Work task: Once the line holding "Hyundai Sonata 2.0 Care+ — photo 1 of 30" is found, output it and all remaining lines of the data exactly, with every picture left out.

Dataset content:
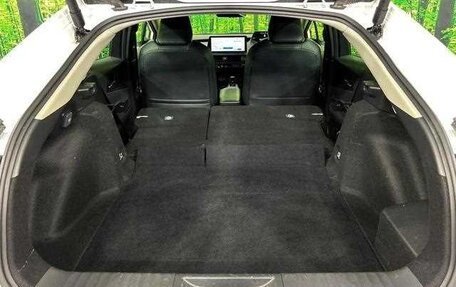 Toyota Prius IV XW50, 2025 год, 3 450 000 рублей, 16 фотография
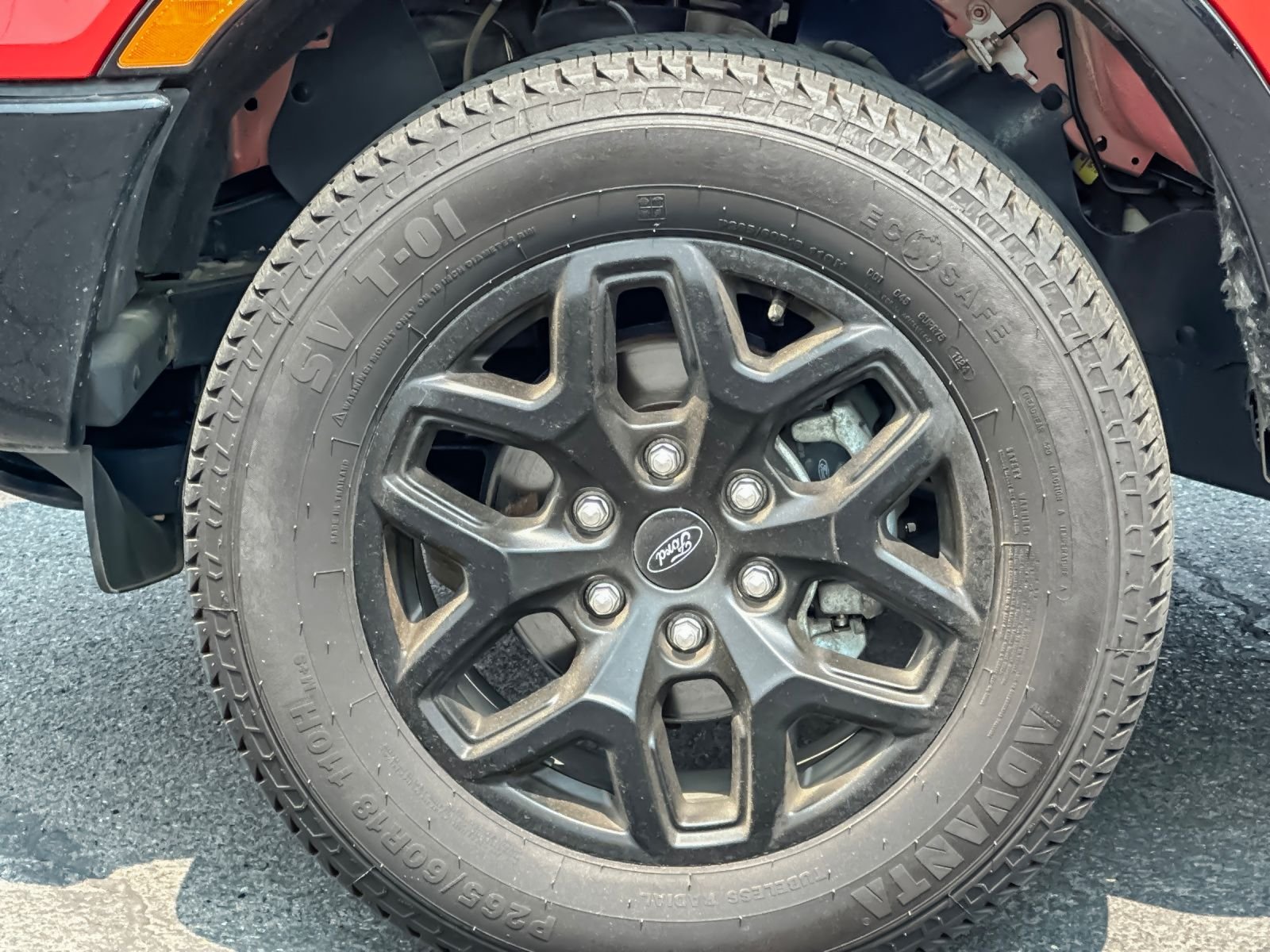 Used 2022  Ford Lariat image 25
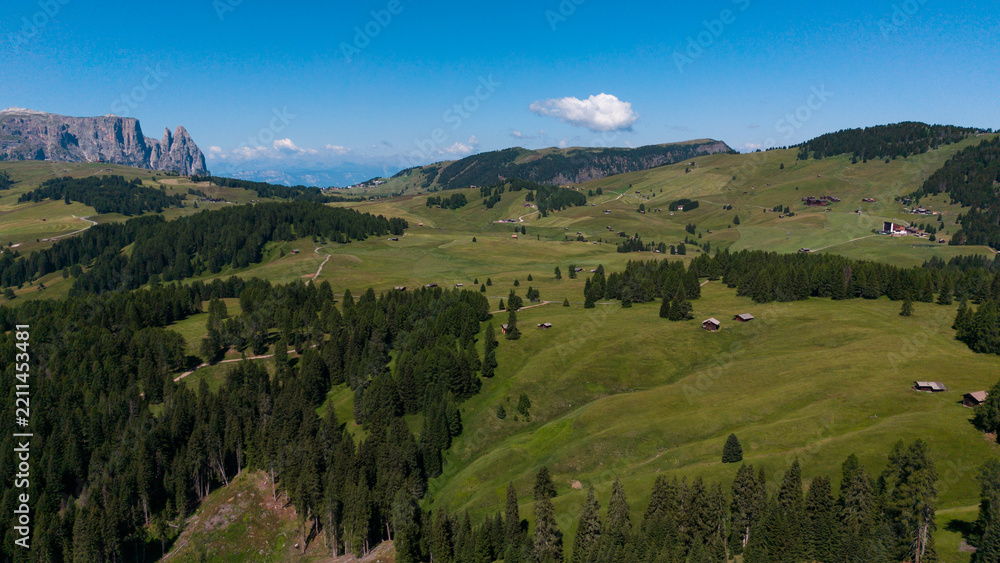 Obraz premium Alpe di Siusi at sunny morning sunrise, Dolomites mountains, Italy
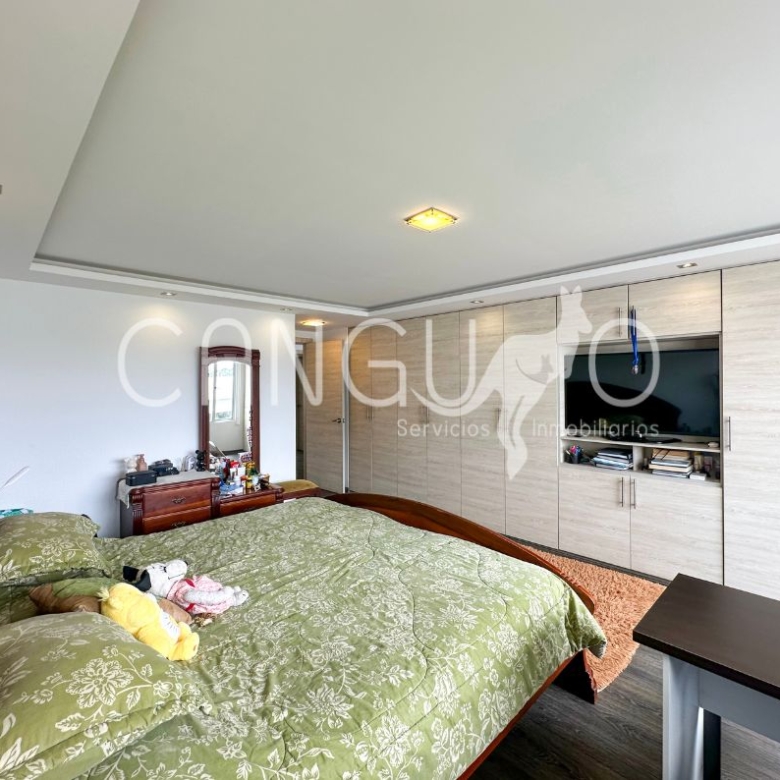 Dormitorio con baño privado y buena iluminación.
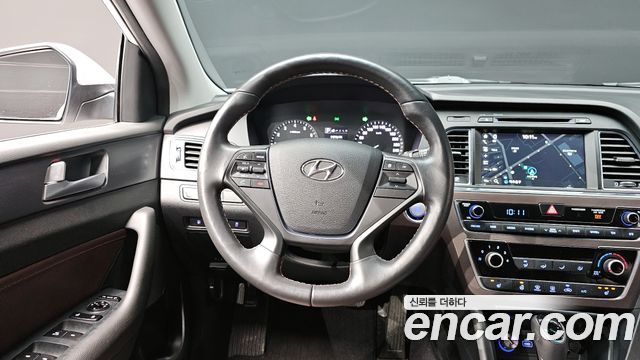 Hyundai Sonata 2.0 Care+ — photo 1 of 30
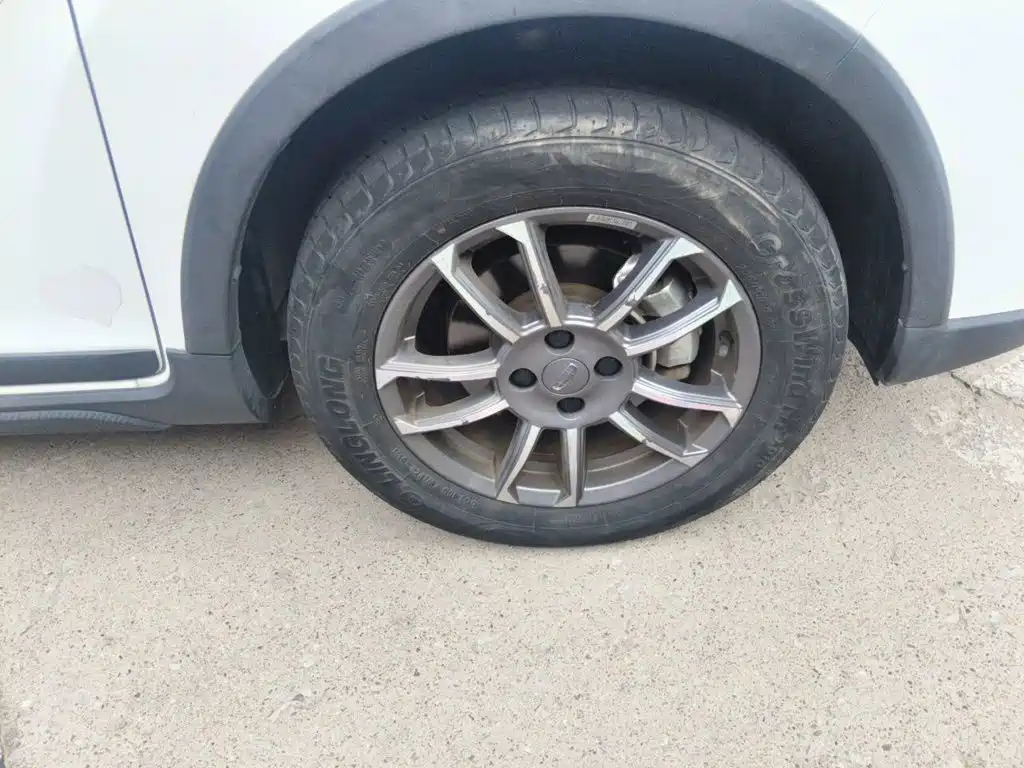 Geely Vision X3 — миниатюра 8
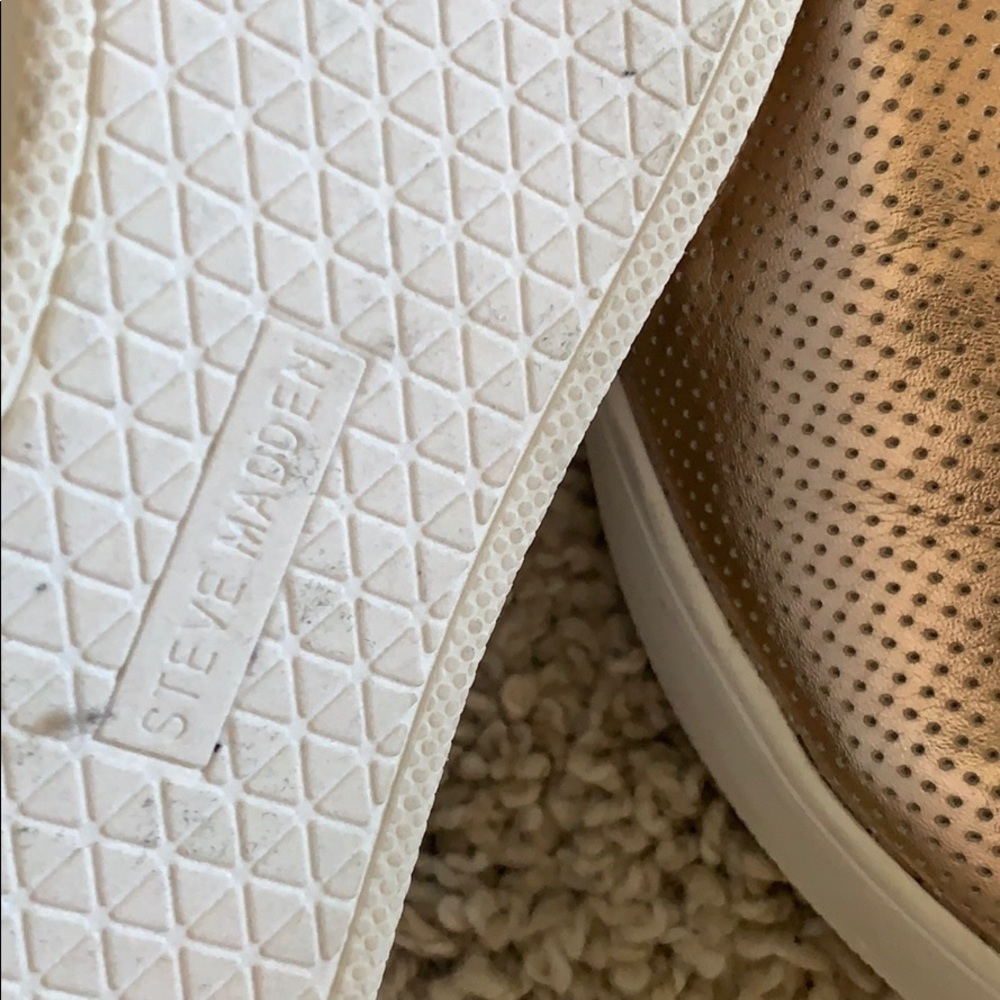 Steve Madden rose gold platform shoe - Picture 6 of 6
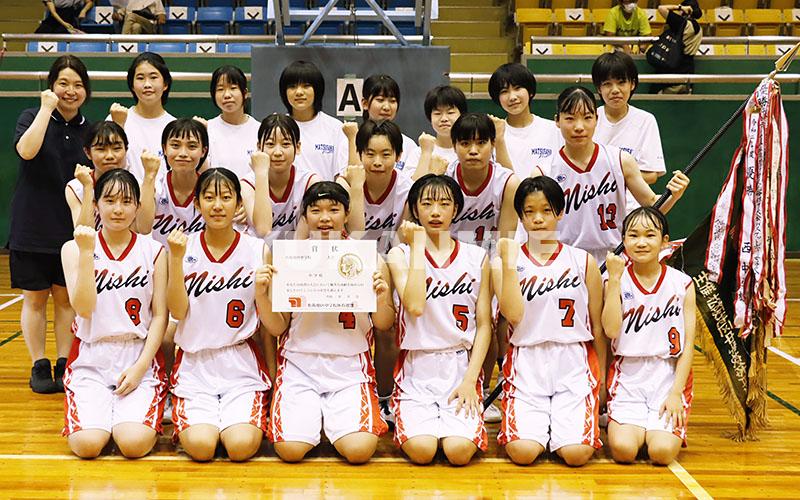 女子の部優勝の西中の皆さん＝いずれも明和町坂本のＤｒｅａｍオーシャン総合体育館で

Written response:
 Hyundai Sonata 2.0 Care+ — photo 1 of 30
 Geely Vision X3 — миниатюра 8
 Steve Madden rose gold platform shoe - Picture 6 of 6
 女子の部優勝の西中の皆さん＝いずれも明和町坂本のＤｒｅａｍオーシャン総合体育館で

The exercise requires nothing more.